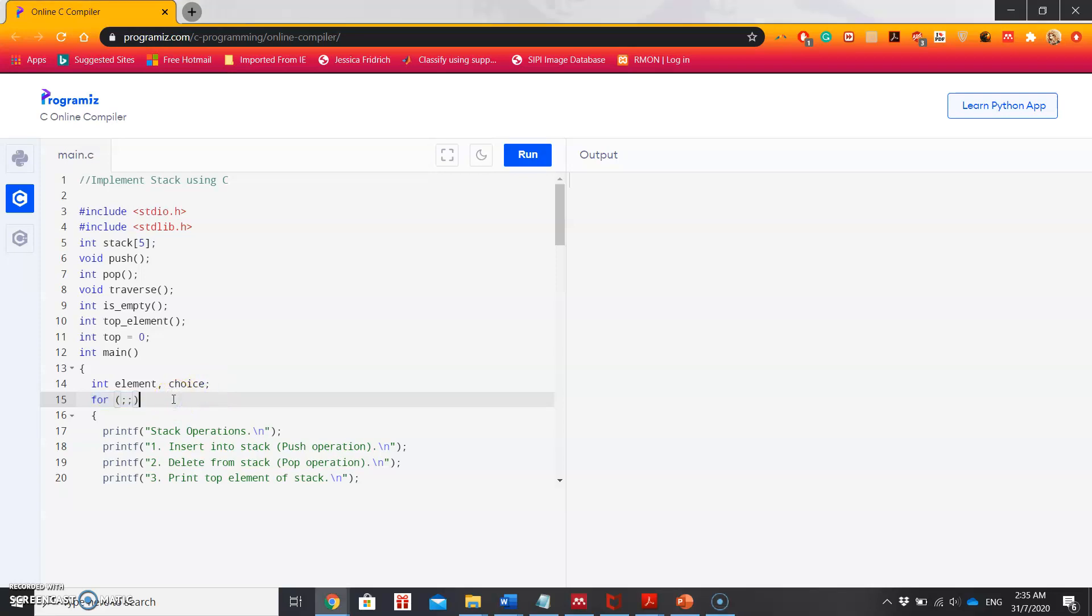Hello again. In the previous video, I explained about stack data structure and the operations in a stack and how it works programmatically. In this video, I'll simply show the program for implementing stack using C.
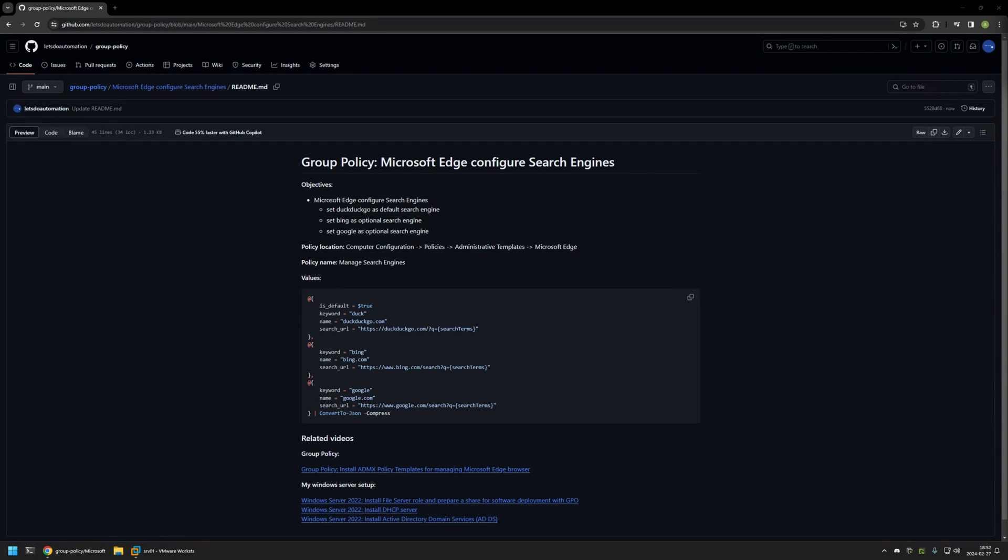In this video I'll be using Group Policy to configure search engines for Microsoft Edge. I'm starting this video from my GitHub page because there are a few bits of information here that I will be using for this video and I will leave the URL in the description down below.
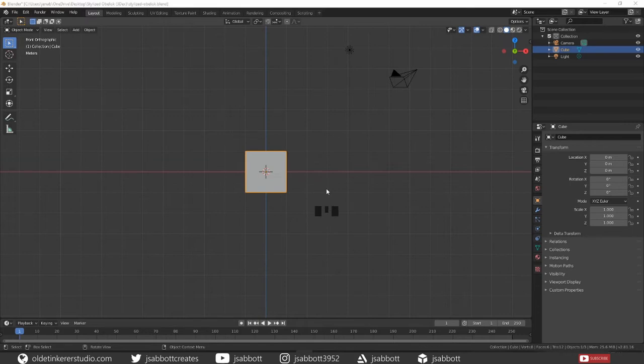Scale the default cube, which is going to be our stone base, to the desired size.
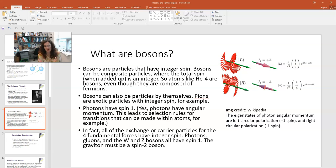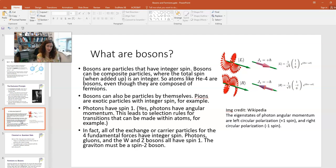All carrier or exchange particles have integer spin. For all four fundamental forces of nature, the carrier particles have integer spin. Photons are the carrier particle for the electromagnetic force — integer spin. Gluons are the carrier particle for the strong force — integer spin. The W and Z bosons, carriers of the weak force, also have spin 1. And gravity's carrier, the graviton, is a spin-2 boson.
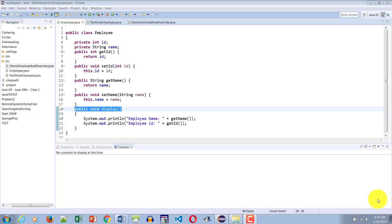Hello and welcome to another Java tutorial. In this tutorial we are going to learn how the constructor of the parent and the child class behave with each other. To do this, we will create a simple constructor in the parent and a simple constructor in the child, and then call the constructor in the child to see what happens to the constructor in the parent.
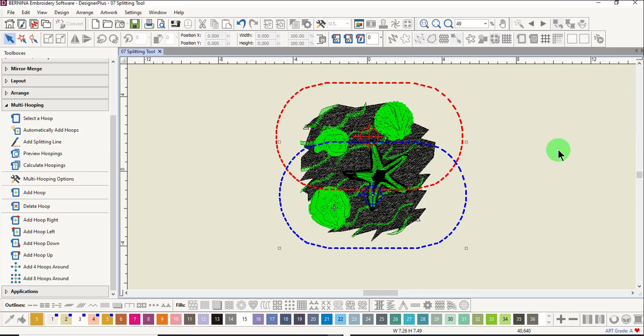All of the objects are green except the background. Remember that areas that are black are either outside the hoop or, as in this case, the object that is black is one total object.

***

WHAT THE TASK REQUIRES
Print every entry word for word; omit the pictures.

OUTPUT OF THE TASK
Hello again. In the previous video, I explained about stack data structure and the operations in a stack and how it works programmatically. In this video, I'll simply show the program for implementing stack using C.
In this video I'll be using Group Policy to configure search engines for Microsoft Edge. I'm starting this video from my GitHub page because there are a few bits of information here that I will be using for this video and I will leave the URL in the description down below.
Scale the default cube, which is going to be our stone base, to the desired size.
All carrier or exchange particles have integer spin. For all four fundamental forces of nature, the carrier particles have integer spin. Photons are the carrier particle for the electromagnetic force — integer spin. Gluons are the carrier particle for the strong force — integer spin. The W and Z bosons, carriers of the weak force, also have spin 1. And gravity's carrier, the graviton, is a spin-2 boson.
Hello and welcome to another Java tutorial. In this tutorial we are going to learn how the constructor of the parent and the child class behave with each other. To do this, we will create a simple constructor in the parent and a simple constructor in the child, and then call the constructor in the child to see what happens to the constructor in the parent.
All of the objects are green except the background. Remember that areas that are black are either outside the hoop or, as in this case, the object that is black is one total object.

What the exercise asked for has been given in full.